For his SS16 collection, Ross printed “No Water” across an image of nesting tables made by Josef Albers, a German-born Bauhaus designer, color/art theorist, and educator whose work played a major role in the development of arts education. This juxtaposition places the clean/no water crises faced by many underprivileged communities (think Flint, Michigan) against the privilege of beautiful art objects, while also making subtle reference to, for those in the know, the power of arts education (something Ross has referenced in multiple interviews). And, just as Baraka puts “LOUD” in block text to solidify its importance, Ross places “No Water” on top of the nesting tables, thereby creating a hierarchy of value that reassigns the rights of underprivileged people to the top of the pyramid.

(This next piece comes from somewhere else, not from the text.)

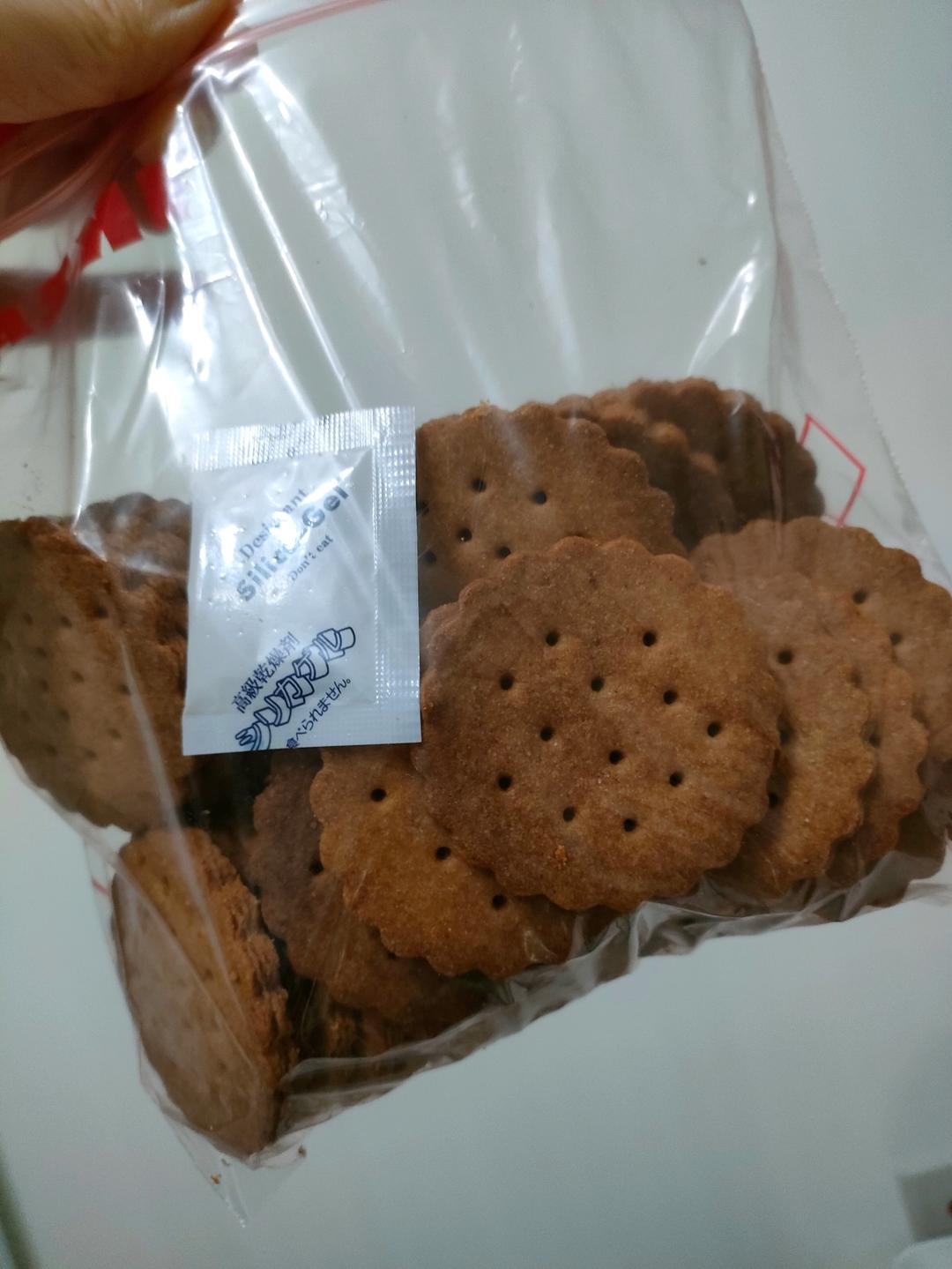 全麦酥脆饼干 饼干—低糖系列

In May of this year Ross took his commentary on education further by opening a weekend-long pop-up installation/store in London. Titled “ACADEMIA* CORRECTION WORK SHOP,” the space was reminiscent of a grade-school classroom. For the pop-up’s main graphic, Ross created a print with a right triangle placed atop the title of the installation, so that the words “WORK SHOP” are struck through. As asterisks are used to denote annotated or omitted matter, the one adhered to “ACADEMIA*” seems to question the validity of academia as a structure, just as the asterisk adhered to “WALL” in ACW*’s name implies a push beyond boundaries. Additionally, the line that strikes through “WORK SHOP” is a wry nod—and potential critique of—revision, since crossing words out is a technique associated with writing workshops. Finally, by splitting the word “workshop” in two, Ross calls attention to the societal relationship between capitalism and consumerism, with a bit of irony to boot, since the installation is, itself, a store.

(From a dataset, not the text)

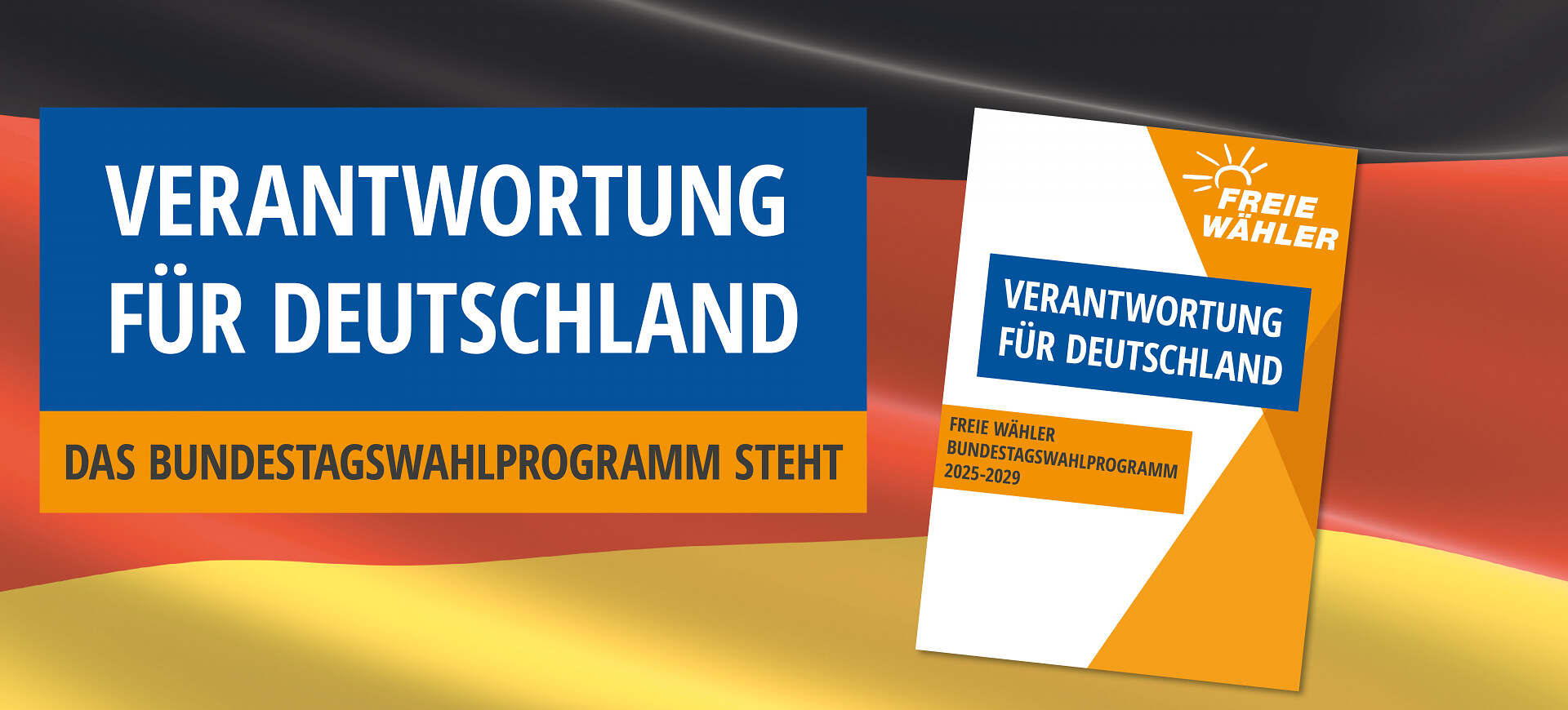 Kurzwahlprogramm FREIE WÄHLER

This form of play between image and text can also be seen in the work of contemporary black American experimental poets such as Douglas Kearney. In his poem, “Runaway Tongue,” Kearney explores the racism embedded in the expressions of language as the value placed on Edited American English over other—in particular, African-American—dialects. The poem layers text atop text and aligns voices in different physical directions—techniques that cause the reader to squint and turn their head or the page, thereby taking a literal closer look at the hierarchy and histories of English dialects. The poem is also rich in consonance, assonance, repetition and portmanteaus; these poetic tools allow for a deconstruction of language similar to the way Ross makes use of intentionally stained fabrics, inside-out garments, and uneven/abbreviated hemlines that call attention to disparities in class privilege.

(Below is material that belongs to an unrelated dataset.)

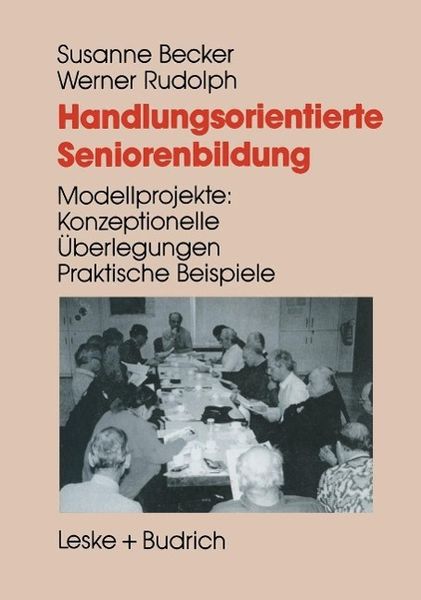 Produktbild: Handlungsorientierte Seniorenbildung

Although Ross has not made explicit reference to poetry in his work whereas his mentor, Abloh has (as recently as his SS18 collection), A-COLD-WALL* feels more in tune with the techniques, intentions, and movements of poetry than nearly any other current streetwear or high fashion brand. Whereas Abloh seems to be dipping his toes in explicit politics and Demna Gvasalia of Vetements consistently plays with tongue-in-cheek social commentary, Ross, like Black Arts and contemporary black American experimental poets, makes political statements through texts (of garments) as a way to represent groups that are historically under- and misrepresented. These statements will never be without complications—made more complicated by the business of fashion and the guaranteed obliviousness of some of ACW*’s customers—but that does not extinguish the spotlight Ross shines on communities that are so often obscured.